What is needed ▸ Your answer must be the exact lines from the one with "Davi & Dani" to the end of the data, both included, with no pictures.

----- Exercise material -----

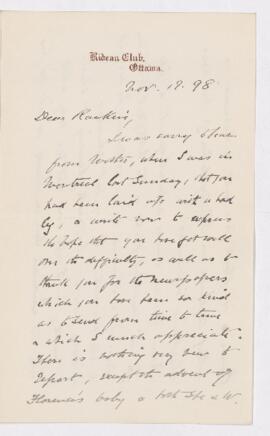 Letter, 19 November 1898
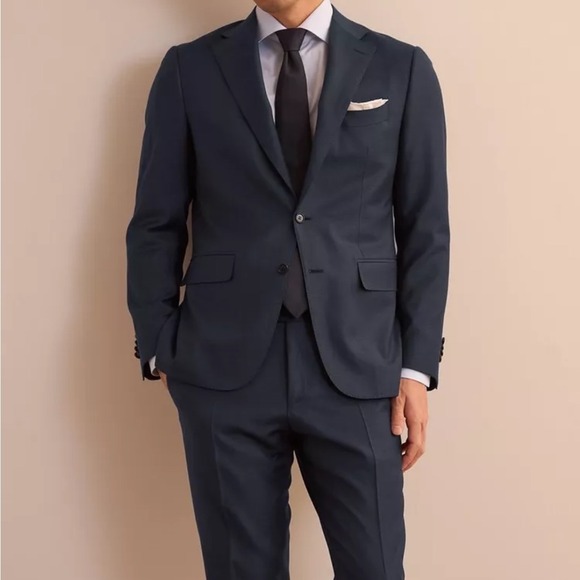 Canali Other - Canali Mens Suit Sz 44R Wool 3-Button Blazer Pleated Cuffed Trousers Black Italy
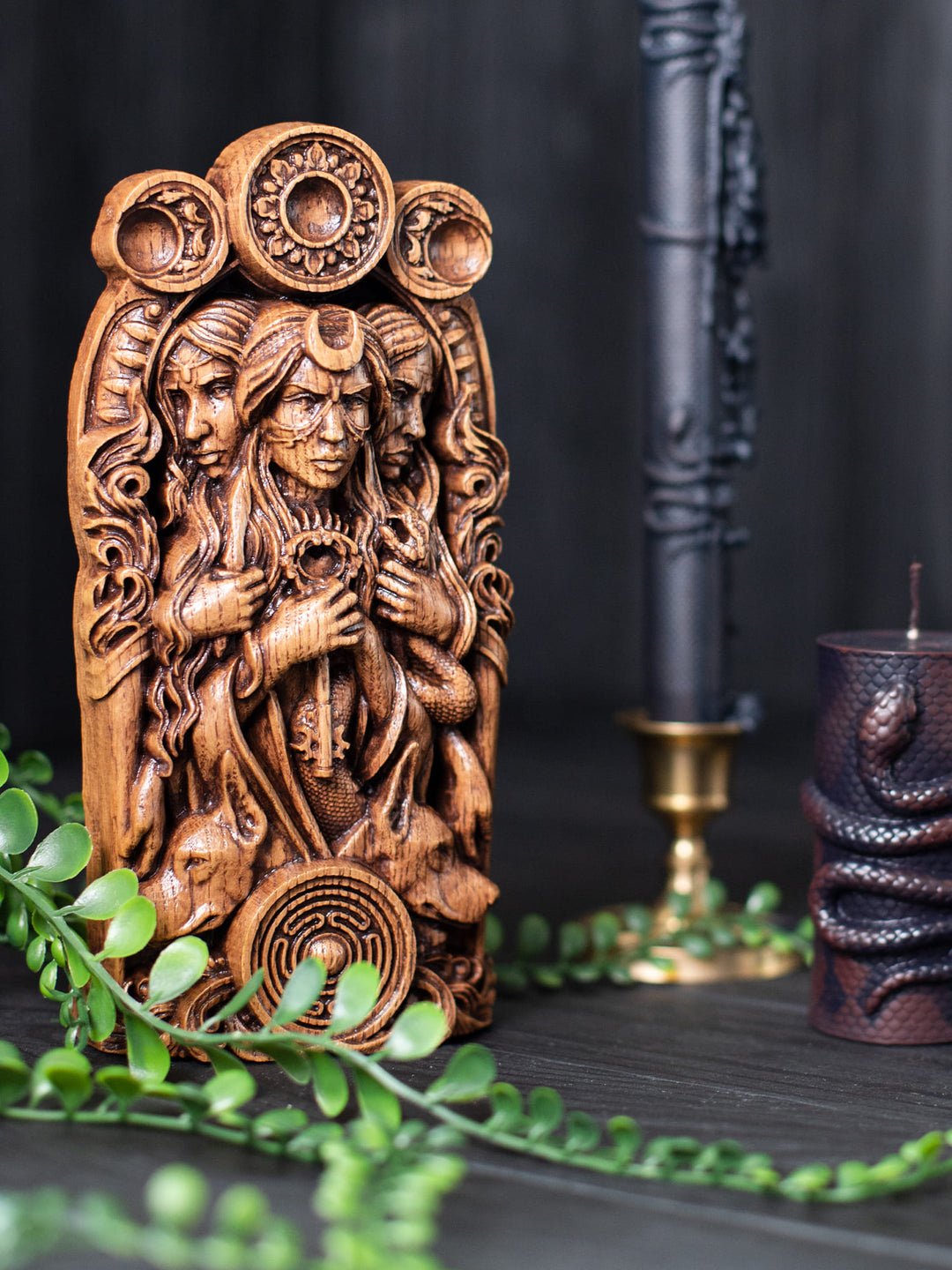 Hekate Wooden Bust: Tri-Form Goddess of Magic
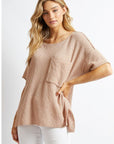 Davi & Dani Round Neck 3/4 Sleeve Top - Online Only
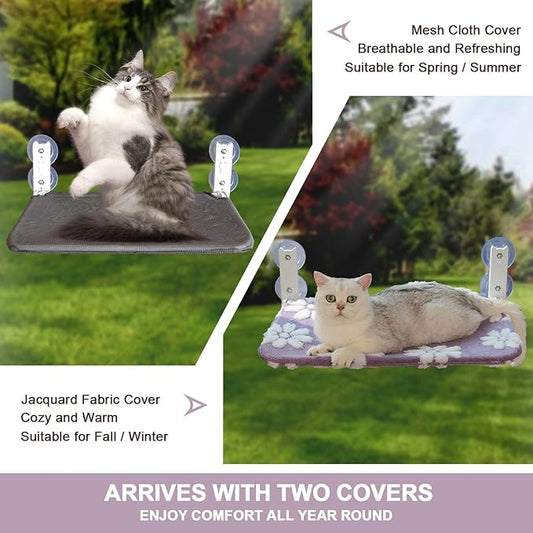 Cat Window Perch, Foldable Cat Window Hammock with Cute 3D Textured Flower Cover, Breathable Mesh Cover and Strong Suction Cups, Cordless Window Seat Bed for Indoor Cats (Purple, Medium)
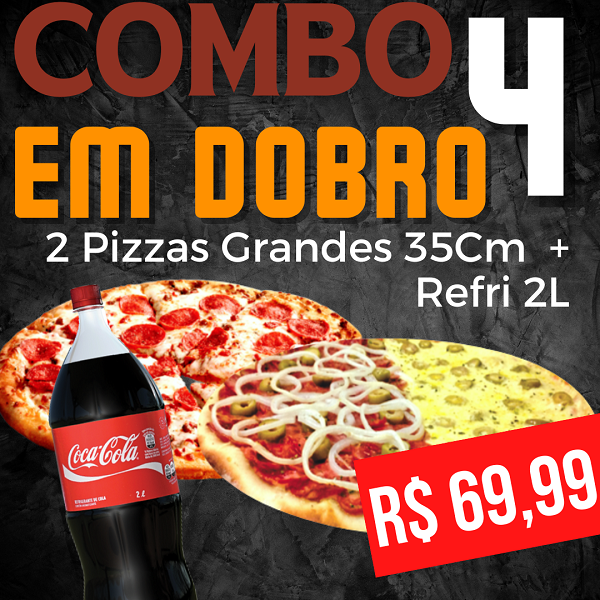 Pizza Super 45cm + Pizza Pequena + Refri 2L (2)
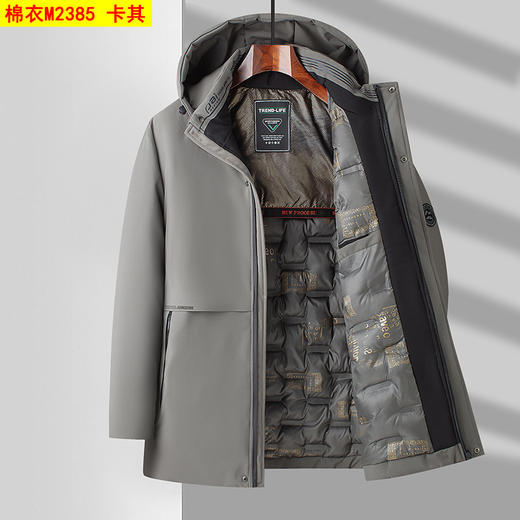 【冬季中年男士棉服】中长款保暖加厚爸爸冬装休闲外套棉衣 商品图6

-----

Exercise response ▸
 Davi & Dani Round Neck 3/4 Sleeve Top - Online Only
 Cat Window Perch, Foldable Cat Window Hammock with Cute 3D Textured Flower Cover, Breathable Mesh Cover and Strong Suction Cups, Cordless Window Seat Bed for Indoor Cats (Purple, Medium)
 Pizza Super 45cm + Pizza Pequena + Refri 2L (2)
 【冬季中年男士棉服】中长款保暖加厚爸爸冬装休闲外套棉衣 商品图6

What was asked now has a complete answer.